Many of our students here at Eagle Rock Music Studio ask our instructors for insight on the music industry since they aspire to be professionals someday. Our answer is usually pretty simple: the music business is tough. In fact, it’s one of the hardest industries in the world to achieve success.
However, you are already in the right place (Los Angeles) by taking lessons with us — the networking opportunities available because of the city’s connection to show business should not be overlooked.
Be a Dreamer and a Doer
Everyone dreams of becoming something; your dream is becoming a musician or a music professional of some sort. Here’s the thing: dreaming is easy. Everything can be perfect when it’s still just a dream. In practice, however, you’ll quickly realize that nothing is perfect. Actually realizing your dream will require lots of trying, failing, and getting back up and trying again.
Get Past the Gatekeepers
You will be told “no” a lot in your pursuit of a career in music — this will be unavoidable. Fortunately, you will only have to get a few important yeses over the course of your entire career. The first (and most important) is getting your initial foot in the door — if you don’t get that yes, you can’t get any more of them.
Remember to be persistent: getting through at the most bottom level of the music chain has more to do with possessing a “go-getting” attitude than anything else. As Wayne Gretzky said, “You miss 100% of the shots you don’t take.”
Learn How to Manage
Every act — at least in the popular music realm — has a manager, and for obvious reasons. First and foremost, an artist should be spending his/her/their time on their music as much as possible. But generally speaking, artists are not nearly as organized as their manager counterparts (i.e., their brains are wired differently, and the two camps possess different skill sets), which is why the relationship exists.

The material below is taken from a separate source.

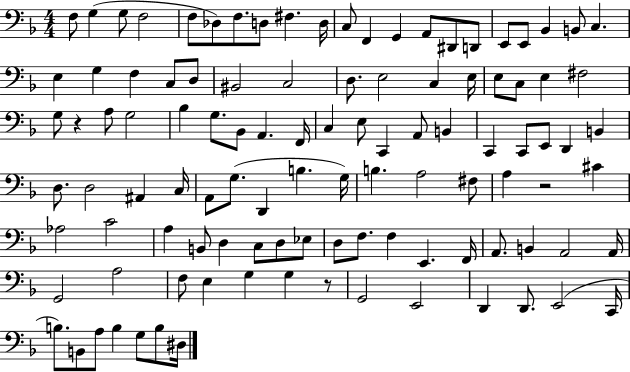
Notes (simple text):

F3/e G3/q G3/e F3/h F3/e Db3/e F3/e. D3/e F#3/q. D3/s C3/e F2/q G2/q A2/e D#2/e D2/e E2/e E2/e Bb2/q B2/e C3/q. E3/q G3/q F3/q C3/e D3/e BIS2/h C3/h D3/e. E3/h C3/q E3/s E3/e C3/e E3/q F#3/h G3/e R/q A3/e G3/h Bb3/q G3/e. Bb2/e A2/q. F2/s C3/q E3/e C2/q A2/e B2/q C2/q C2/e E2/e D2/q B2/q D3/e. D3/h A#2/q C3/s A2/e G3/e. D2/q B3/q. G3/s B3/q. A3/h F#3/e A3/q R/h C#4/q Ab3/h C4/h A3/q B2/e D3/q C3/e D3/e Eb3/e D3/e F3/e. F3/q E2/q. F2/s A2/e. B2/q A2/h A2/s G2/h A3/h F3/e E3/q G3/q G3/q R/e G2/h E2/h D2/q D2/e. E2/h C2/s B3/e. B2/e A3/e B3/q G3/e B3/e D#3/s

That being said, when you first begin your career as an artist, you most likely will have no manager, and will have to learn how to navigate the waters yourself. It is often the case with successful bands, for example, that one of the members is more managerially inclined in the early days and essentially acts as the manager until the band achieves enough success to attract a professional manager.
Pay the Bills
Eventually, you will come to a fork in the road, and you will have to choose whether music is a career or just a hobby for you. The key questions to ask yourself: “Is my music for public consumption? Do I want to perform these songs for others for money? Will I eventually feel comfortable asking people to buy my music, even though it is increasingly common for consumers to consume music without buying it?”
The business is tough. But if you find yourself answering “yes” to the above questions, go for it. At Eagle Rock, we’re here to help you get there.